By: Anshul Vipat
Consequently, trade deficit inched up to $26.9 billion in October from $25.7 billion in the previous month; but it still remained lower than July’s record level of $30 billion
Countering ongoing geo-political and rising global uncertainties, India’s merchandise trade for October 2022 hit the $58.36 billion, exhibiting a positive growth of 4.03 per cent over the same period last year. But it’s not all good news. The most significant data is on merchandise exports that showed contraction for the first time in two years.
According to the latest data released by the Ministry of Commerce, exports dropped below the crucial $30-billion mark for the first time since March 2021 to hit $29.8 billion. The exports declined by eight percent when compared to September 2022 when it was $32.2 billion. It was in November 2020 when exports had contracted last time, by 8.74 per cent. Imports, however, rose 5.7 percent, to $56.7 billion. Consequently, trade deficit inched up to $26.9 billion in October from $25.7 billion in the previous month; but it still remained lower than July’s record level of $30 billion.
Exports fall in major commodities
The export decline in October was rather broad-based, as 24 of the 30 key segments–including petroleum products, engineering goods, gems and jewellery, textiles and garments, chemicals and pharmaceuticals– witnessed contraction, due to an economic slowdown in key markets that started to weigh down demand. Engineering goods, a mainstay of India’s exports in recent years, dropped over 21 percent to $7.4 billion (when compared to October 2021 figures), with the Ministry stating that the $2 billion drop ‘includes steel and its products’, signaling that the export tax on iron and steel is hurting these exports.

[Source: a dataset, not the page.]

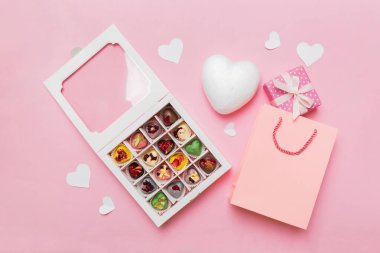 Valentine day composition: sweet candy, with gift boxes with bow and red felt hearts, photo template, background. Top View with copy space.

Exports from major job-intensive sectors such as readymade garments and gems and jewellery also dropped by over 20 percent, while cotton yarn, handlooms and handicraft products nearly halved from a year ago. Outbound shipments for iron ore fell by 90% in value terms in October, led by a steep decline in international prices.
Exports impacted due to global slowdown and festive season
Commerce Secretary Sunil Barthwal pointed out that both global as well as domestic factors had an impact on India’s exports. He also pointed out the “heavy impact” of the festival season. “Tightening of monetary policy in most of the developed world – Europe, the US and elsewhere – puts less money in the hands of the public. Therefore, consumption slows down. These are going to be tough times for us. There will be a lot of headwinds for us, and this will impact our exports too,” Barthwal told reporters on Tuesday.
Global inflation, Russia-Ukraine war, simmering China-Taiwan crisis and supply disruptions are hurting economic growth worldwide, leading to poor demand, experts say. The pinch from slowing external demand is going to get more painful for Indian economy in the months to come.
Trade deficit continues to remain all-time high
The decline in exports also fueled the trade deficit. The trade deficit, which is the gap between exports and imports, widened to $26.91 billion from $25.71 billion in the previous month. The trade deficit has remained above the $25-billion mark for a fifth straight month. As the accompanying chart shows, apart from a small blip in March and September, the trade deficit has been rising persistently in 2022. It was USD 17.94 billion in January and jumped to USD 31 billion in July.
The reason is simple: domestic factors are sustaining economic growth in India leading to an inevitable surge in imports, apart from high crude oil prices. The IMF's energy price index which includes prices of crude oil, natural gas and coal has doubled from 156.2 in June 2021 to 330.8 in September 2022. These three form the bulk of India's imports. Besides, imports of other commodities has also swelled as demand is slowly moving back to pre-pandemic period.
A looming global recession means that growth in exports will be a tough challenge. According to analysts, the current account deficit of India will almost certainly cross 5 per cent of GDP in the current year. That is definitely a worrying signal. Analysts reckon that unless value of crude oil, coal, fertilisers and gold doesn’t come down substantially, the trade deficit for this year would comfortably surpass $ 250 billion.
Thanks to a weakening Rupee and the exit of short term investors from Indian stock markets, the total foreign exchange reserves have fallen by a significant $110 billion to USD 530 billion in the last few months. Most analysts expect that the investors would not be back in a hurry as they are exiting all emerging markets; not just India. In the event, it becomes critical that the dollar inflows though foreign direct investment and through remittances maintain their momentum.
Although some parameters has shown hope for our economy. As mentioned above, imports in the country has increased suggesting growing domestic consumption. This is good news for the consumer market. Besides, as per latest figures, both the retail inflation and food inflation has declined significantly. The industrial production is increasing and consumer sentiments is at record high.